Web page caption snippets
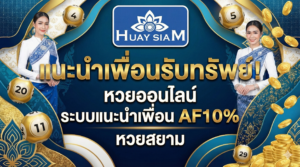 แนะนำเพื่อนรับทรัพย์! หวยออนไลน์ ระบบแนะนำเพื่อน AF10% หวยสยาม สร้างรายได้หลักแสนโดยไม่ต้องลงทุน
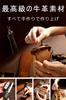 [LETINGFAR] Smart Key Case for Nissan, Key Cover, Genuine Leather,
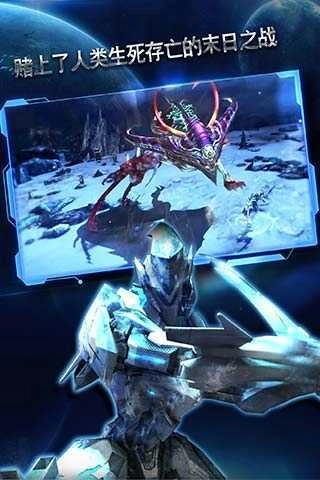 聚爆游戏纯净版图3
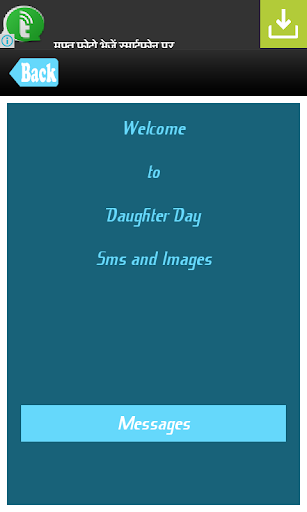 Daughter Day SMS Messages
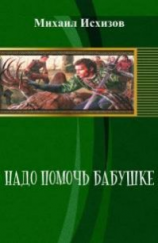 читать Надо помочь бабушке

What is required | Word for word, give the entries back in full; the pictures do not belong in the copy.

Expected answer |
 แนะนำเพื่อนรับทรัพย์! หวยออนไลน์ ระบบแนะนำเพื่อน AF10% หวยสยาม สร้างรายได้หลักแสนโดยไม่ต้องลงทุน
 [LETINGFAR] Smart Key Case for Nissan, Key Cover, Genuine Leather,
 聚爆游戏纯净版图3
 Daughter Day SMS Messages
 читать Надо помочь бабушке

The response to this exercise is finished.